あれは大学4年生の冬。バイト先の上司と恋に落ちるという、ありがちなストーリー。実はバイトを始めた当時からずっとイケメンだなあ・・・と心の中では思っていてでもあくまでも仕事上の付き合いでしかない私たちは、仲良くなることもなかった。
自暴自棄になっていた私にとって、恋愛はただのゲームに過ぎなかった
ある日のバイト終わり、バイト仲間でたまたま飲みに行くことになった。小悪魔キャラだった私は、酔っぱらって彼の隣にぴったりとくっついて離れなかった。ちょうど、16歳からあこがれていた男性とセフレ関係になってしまい、自暴自棄になっていた私にとって、恋愛なんてただのゲームに過ぎなかった。気になった人を落とせるか。そんなゲームでしかなかった。
その“ゲーム”は見事に私の勝ちで、二次会へ向かうみんなと逸れたふりをしてホテルへ向かった。“なーんだ、案外楽勝じゃん”心の中ではそんなことを思っていた。
一夜を共にしてから一週間くらい過ぎたとき彼から話がしたいと呼び出された。バイト後に彼の車に乗り、ラブホテルへ向かう。
ラブホテルに入り、来る途中のコンビニで購入した缶ビールをあける。彼が重い口を開いて言ったのは“俺、お前のこと好きになっちゃたんだけど”。
思わず“私も”と返した。
一緒になりたい。いつの間にか、狂おしいほどに愛し合っていた
それから、彼と私の不倫は始まった。私たちは職場が同じこともあり、ほぼ毎日一緒に過ごしていた。
そして、就職が決まっていた私は3月になったら上京する。タイムリミットもあったがゆえに、私たちは一分一秒でも長く一緒に過ごした。
そんな関係が一か月ほど続いていつも通りバイト後に二人でご飯を食べていたとき、彼が言った。“俺の子供、育ててくれる?”
なんの理由もなく始まったこの関係。でもいつの間にか私たちは、狂おしいほどに愛し合っていた。全てを投げ出してあなたと一緒になりたい。そんなことを思って枕を濡らす夜もあった。
でも、女の方がやっぱり現実主義で心の中では“もちろんだよ”って、あなたの子供なら私の子供じゃなくてもいとおしいもの。ってそう思っていたけど、そう伝えてしまったら、本当に私たちは戻れなくなってしまうこともわかっていた。

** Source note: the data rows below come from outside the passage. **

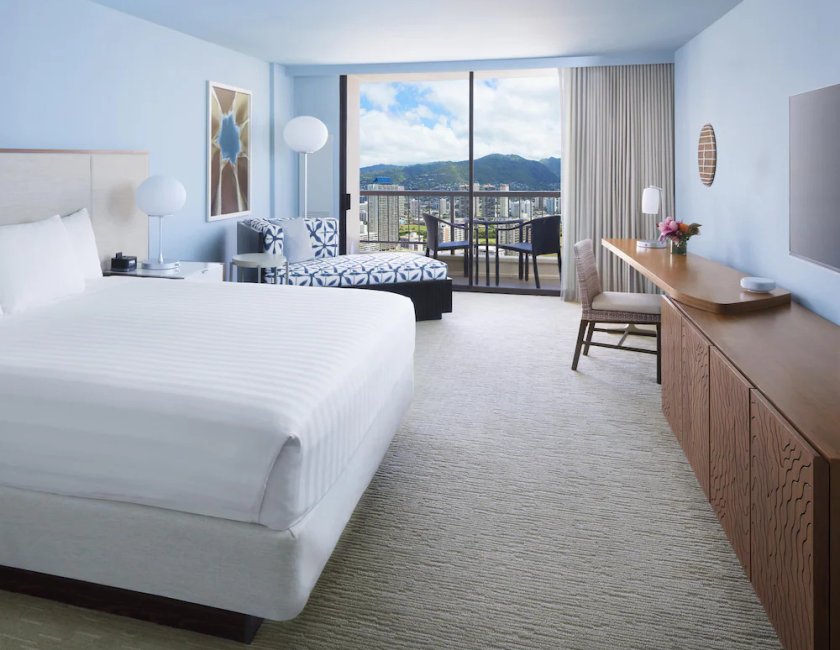 Habitación, 1 cama de matrimonio grande, vistas a la ciudad (Waikiki) del hotel Hyatt Regency Waikiki Beach Resort and Spa. Foto 2
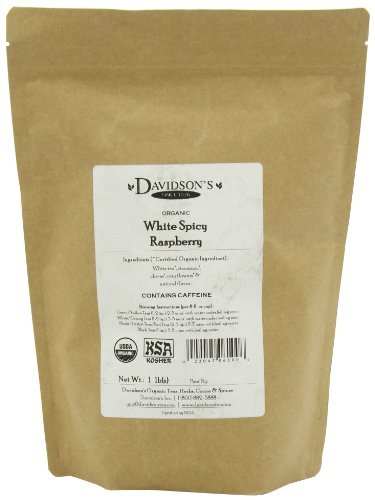Davidson'sTea, White Spicy Raspberry, 16-Ounce Bag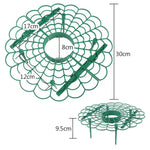 support fraise vert foncé grille pratique robuste balcon jardin anti salissure 20cm 25cm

だから、私は言ったの。“10年後も同じ気持ちだったら、一緒になろう”
あなたはただ、うんってうなずいたよね。
冬になるとやっぱり思い出すの。雪道とか、お揃いのパーカーとか
それから数カ月して、就職と同時に上京した私。
最初は寂しくて仕方なかったし、あなたに会える日を楽しみに仕事も頑張っていたけどだんだんと自分がいけないことをしていたんだってことに気づいた。

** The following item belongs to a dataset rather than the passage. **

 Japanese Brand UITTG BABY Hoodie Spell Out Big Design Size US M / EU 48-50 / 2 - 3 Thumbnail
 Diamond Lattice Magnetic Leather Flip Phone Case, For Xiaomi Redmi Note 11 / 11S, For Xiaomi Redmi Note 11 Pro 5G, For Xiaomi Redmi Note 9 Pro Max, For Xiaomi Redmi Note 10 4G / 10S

だから、もうこんな関係やめよう。って言ったのは私の方からだった。物理的に距離があった私たちは、別れるのも簡単でそれ以来連絡をとることも、当然会うこともなくなった。
あれから7年もたって、私はすっかり東京の女になったしそれなりに恋愛もしてきたけど、冬になるとやっぱり思い出すの。あなたと一緒に歩いて帰った雪道とか、お揃いで着ていたパーカーとか。
LINEのアイコンで見るあなたの子供はすっかり大きくなったよね。あの時、一緒になりたがっていたのはあなたの方だったのにすっかりいいパパになっちゃってさ。
あなたは私と一緒にいながらもちゃんと奥さんへ感謝していたし、子供への愛情は揺るがなかったよね。
そんな愛情深いあなただから、私は恋をしたんだと思う。もう連絡することもないし、会うこともないだろうけど
あなたと交わした約束を私はこれからもずっと忘れないんだと思う。